- _Task prompt_:
Please give back, exactly as written, the lines from the line with "L'entrée Stableyard Bletchley" to the line with "Banho de sol" in the listing below, leaving out all pictures.
__________
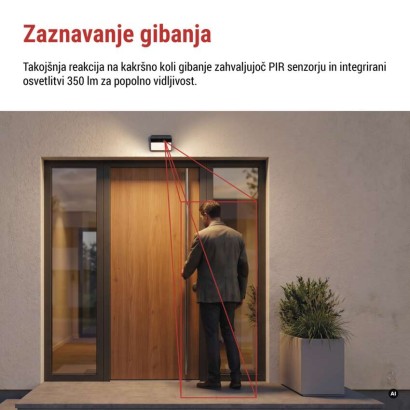 GoSmart zunanja baterijska kamera IP-1100G WALL z WiFi in sončnim kolektorjem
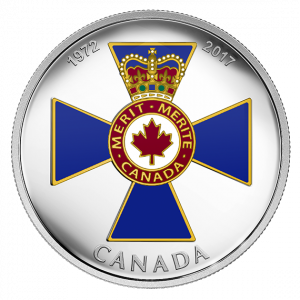 CANADIAN HONOURS:  45TH ANNIVERSARY OF THE ORDER OF MILITARY MERIT - 2017 $20 1 oz Fine Silver Coin - Royal Canadian Mint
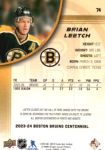 2023-24 Upper Deck Bruins Centennial #74 Brian Leetch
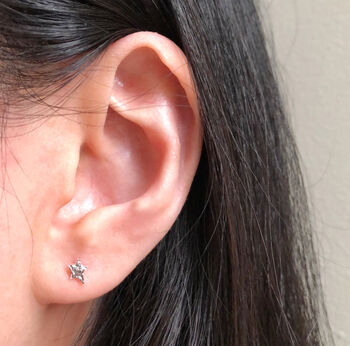 Mini Textured Star Earrings, 12 of 12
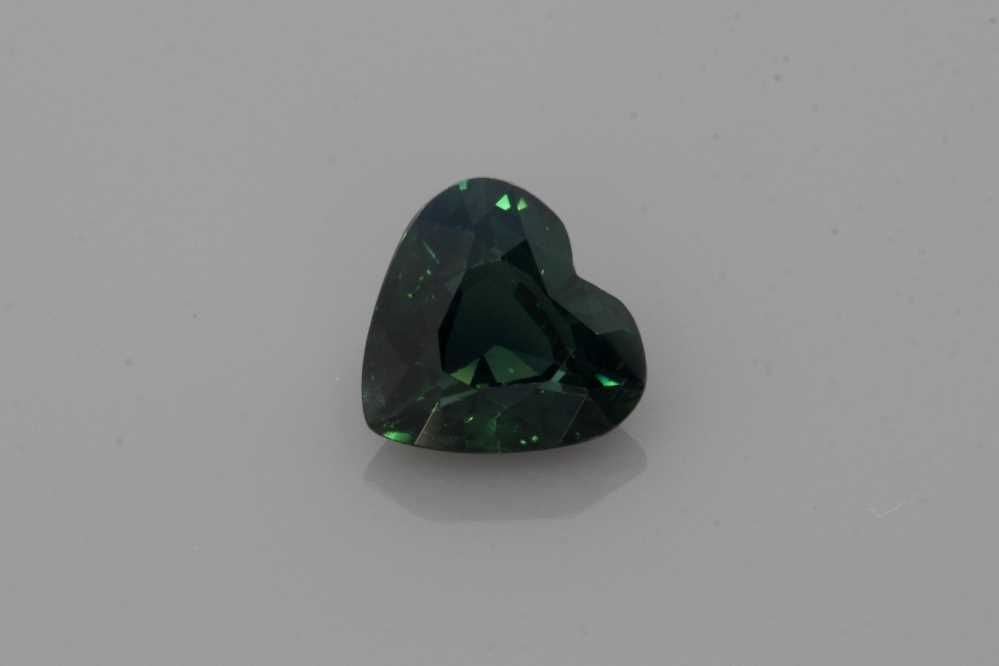 Loose Sapphire Gemstone - Heart 1.26ct Teal EC (1 of 1)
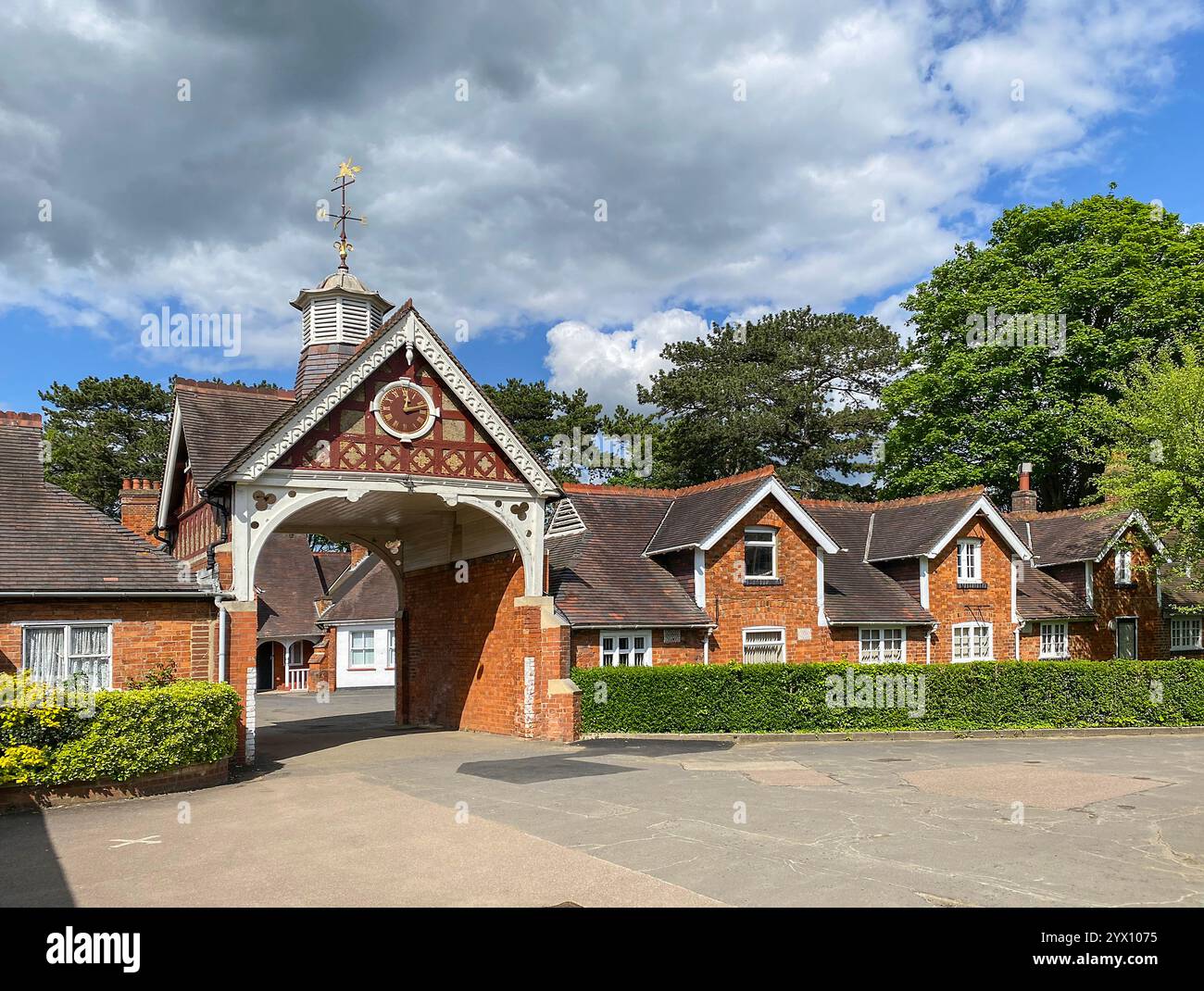 L'entrée Stableyard Bletchley Park Banque D'Images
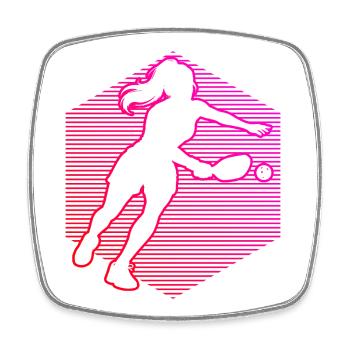 Pickleball Szene Idee für Pickleballspielerin Fans - Viereckiger Kühlschrankmagnet - Weiß - Vorne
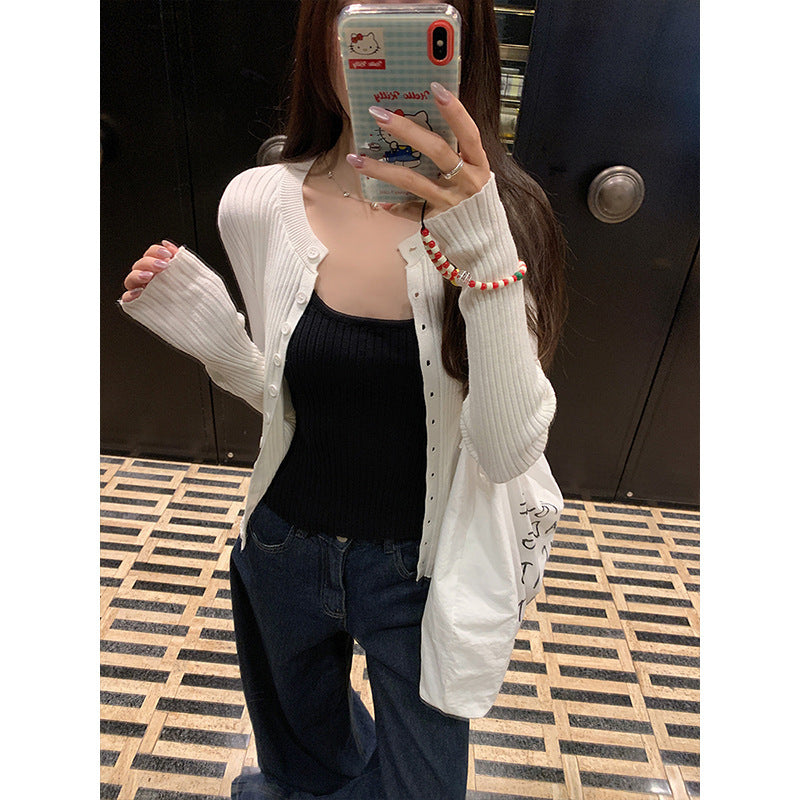 KnitEase Layered Cardigan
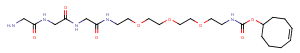 Gly-Gly-Gly-PEG3-TCO Chemical Structure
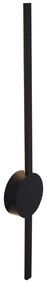 Модерна стенна лампа черна 60 см вкл. LED - Clockwise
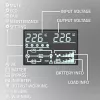 Qoltec 52284 SAI sistema de alimentación ininterrumpida | 10kVA | 10000W | factor de potencia 1,0 | LCD | EPO | USB | online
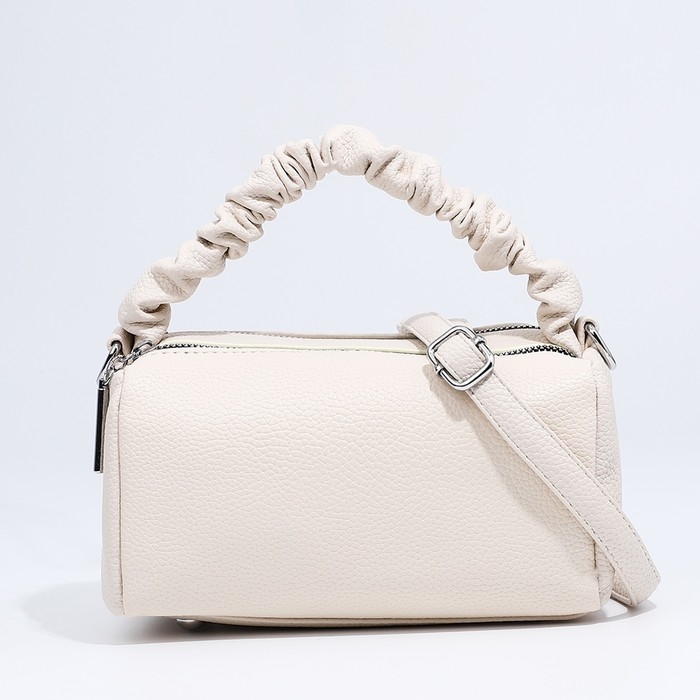 Сумка-багет на молнии, цвет молочный Сумка-багет на молнии, цвет молочный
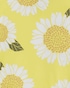 Banho de sol girassol com manga longa amarelo | Carters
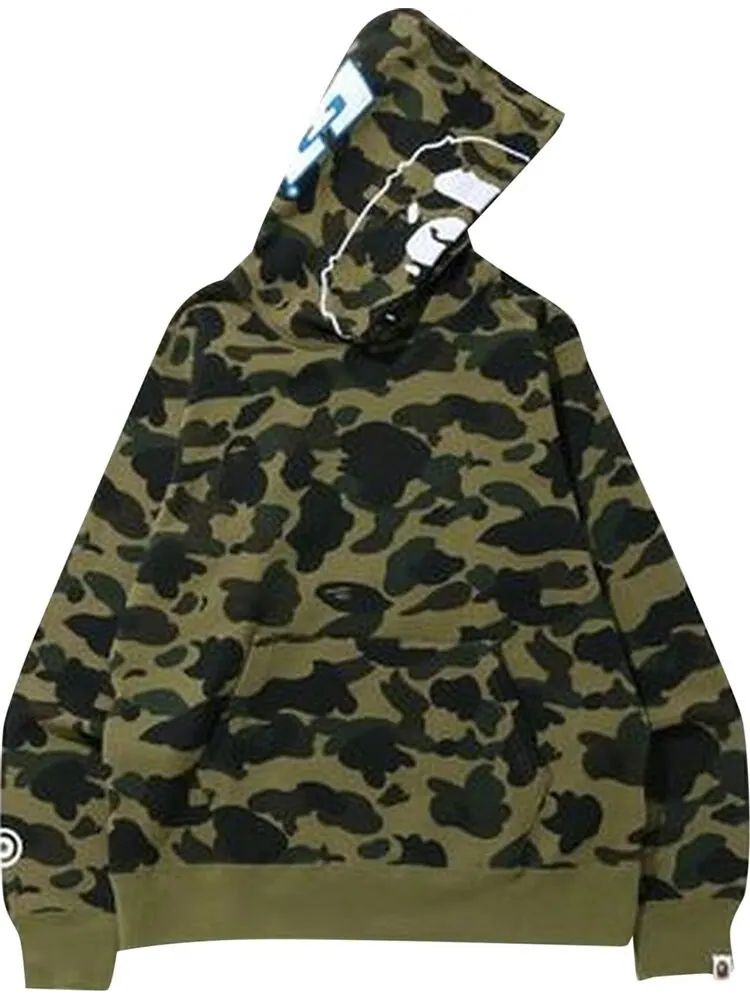 Худи BAPE 1st Camo 2nd Ape Pullover Hoodie 'Green' — изображение 2 из 3, зеленый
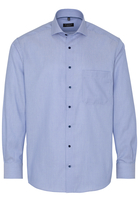 ETERNA LANGARM HEMD COMFORT FIT KETTLANCÉ BLAU STRUKTURIERT
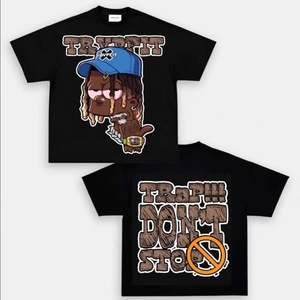 <span class=keywords><strong>เสื้อ</strong></span>ยืดคอกลมสไตล์ฮิปฮอปคุณภาพสูง <span class=keywords><strong>เสื้อ</strong></span>อเนกประสงค์พร้อมลายการ์ตูนนามธรรม ลายปาก <span class=keywords><strong>ลิ้น</strong></span> ผ้าฝ้าย แขนสั้น - Product Image 6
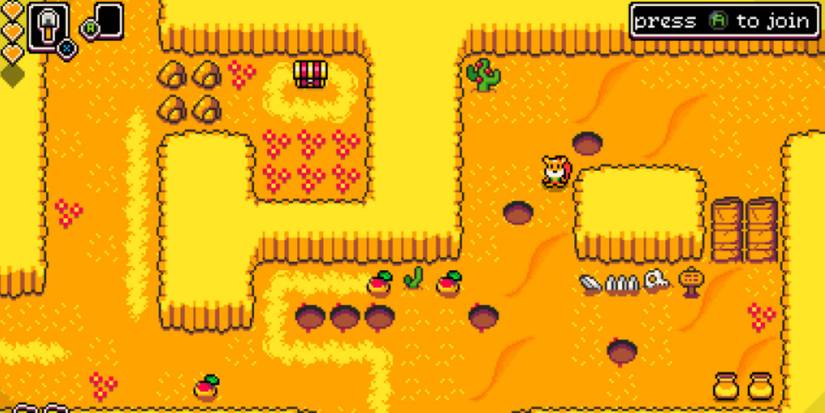 sally squirrel exploring desert stage in dandy and randy dx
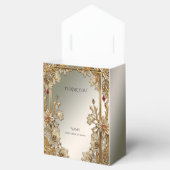 Goud Bloemen Lijst Favoriet Box Bedankdoosjes (Geopend)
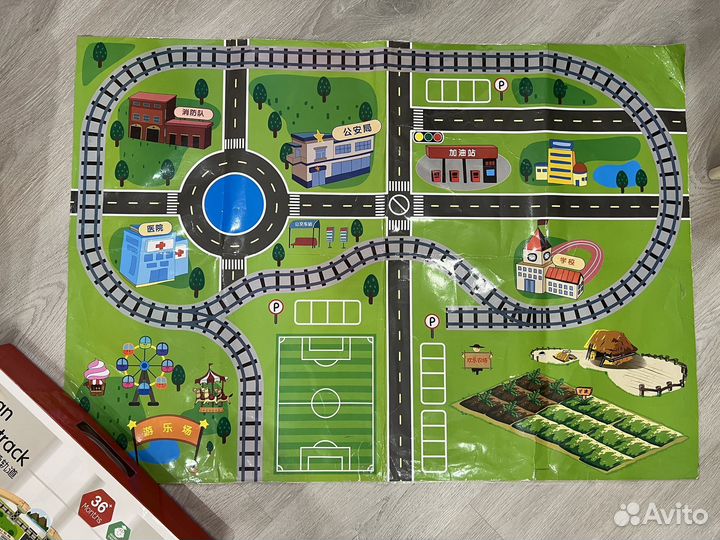 Деревянная детская железная дорога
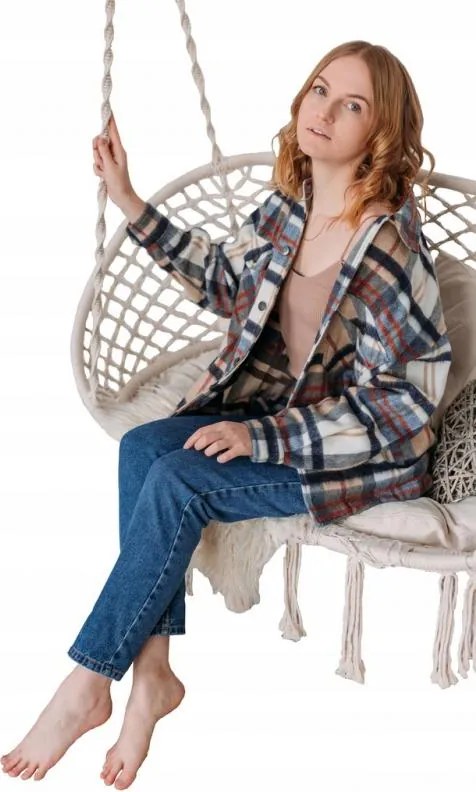 Висяща люлка с щъркелово гнездо в бежово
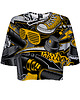 t-shirt damskie DR.CROW T-shirt Krótki CROP Street Graffiti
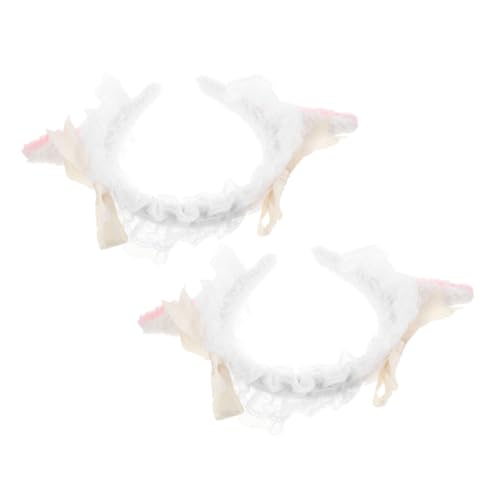 Happyyami 2 Stück Teiliges Schafsohren Haarband für Erwachsene Niedliches Tierkostüm Zubehör aus Plüsch Kopfbedeckung für Halloween Karneval und Cosplay Events Charmantes und Komfortables Happyyami 2 Stück Teiliges Schafsohren Haarband für Erwachsene Niedliches Tierkostüm Zubehör aus Plüsch Kopfbedeckung für Halloween Karneval und Cosplay Events Charmantes und Komfortables von Happyyami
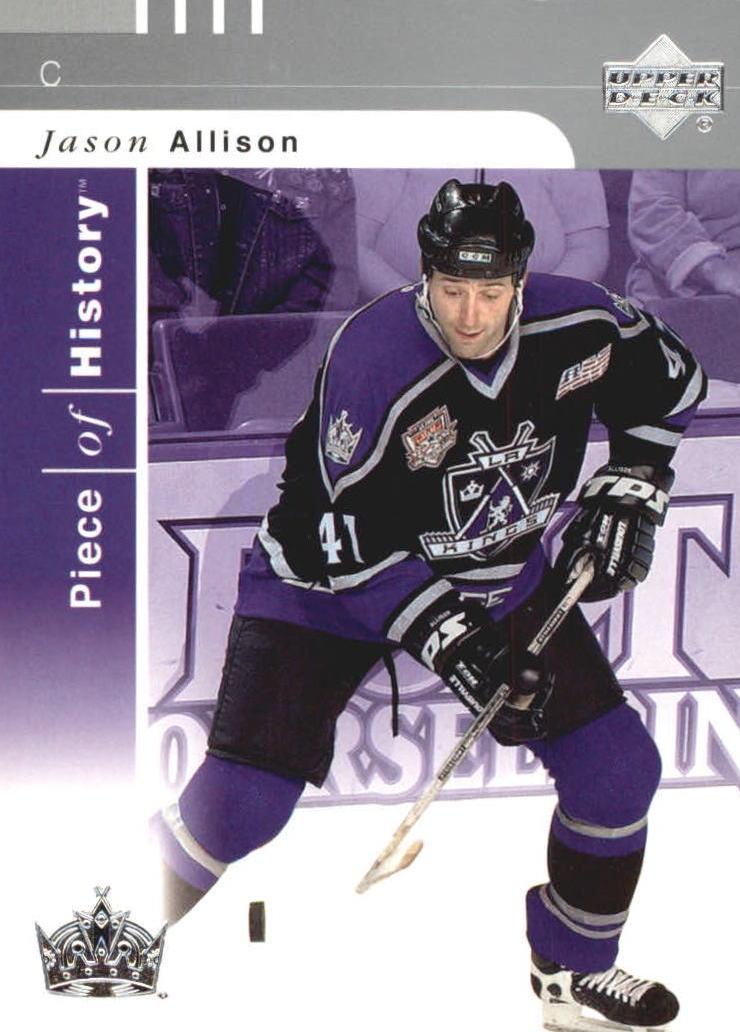 NHL 2002-03 UD Piece of History - No 43 - Jason Allison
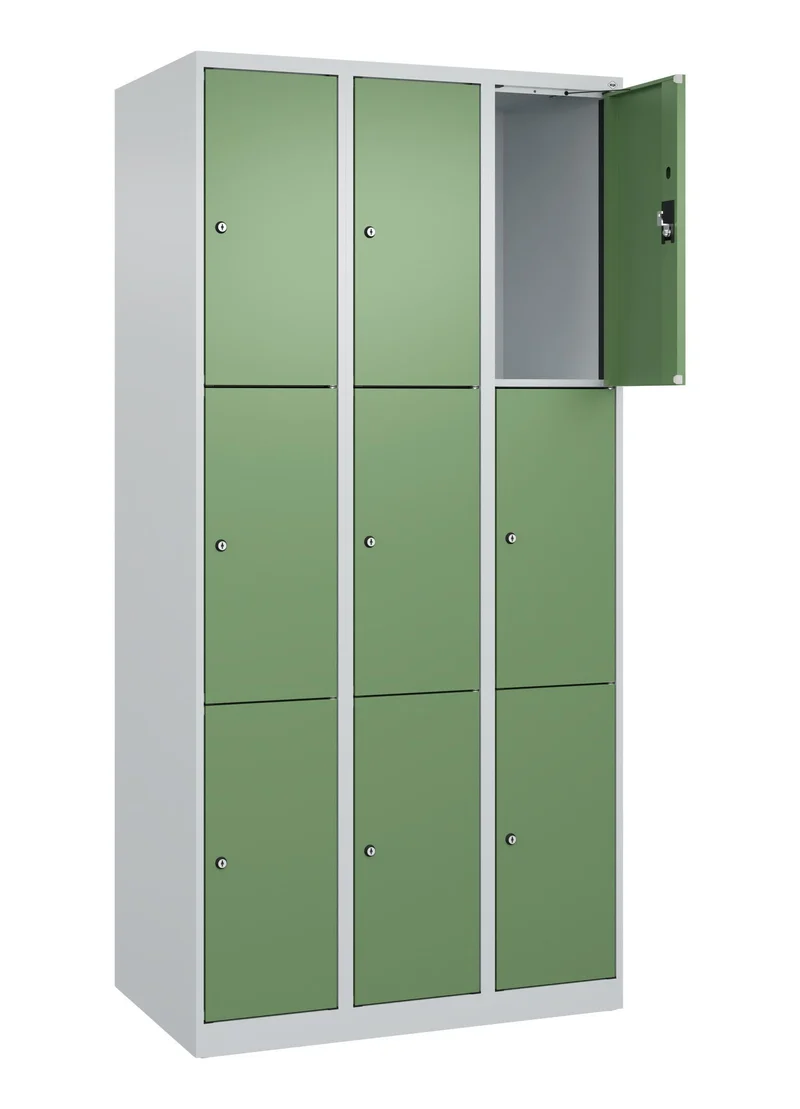 Schließfachschrank Evolo Plus – Metall-Spind mit wählbaren Fächern & Farben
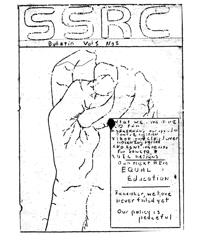 SSRC Bulletin Vol. 1, No. 1, August 1977.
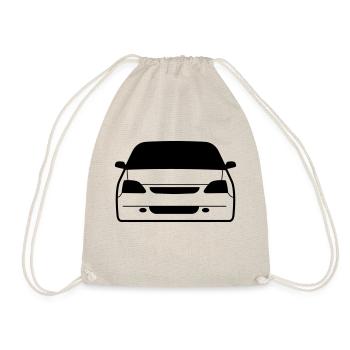 JDM Car eyes EP3 | T-shirts JDM - Drawstring Bag - nature - Front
__________
- _Your solution_:
 L'entrée Stableyard Bletchley Park Banque D'Images
 Pickleball Szene Idee für Pickleballspielerin Fans - Viereckiger Kühlschrankmagnet - Weiß - Vorne
 KnitEase Layered Cardigan
 Gly-Gly-Gly-PEG3-TCO Chemical Structure
 Модерна стенна лампа черна 60 см вкл. LED - Clockwise
 Qoltec 52284 SAI sistema de alimentación ininterrumpida | 10kVA | 10000W | factor de potencia 1,0 | LCD | EPO | USB | online
 Сумка-багет на молнии, цвет молочный Сумка-багет на молнии, цвет молочный
 Banho de sol girassol com manga longa amarelo | Carters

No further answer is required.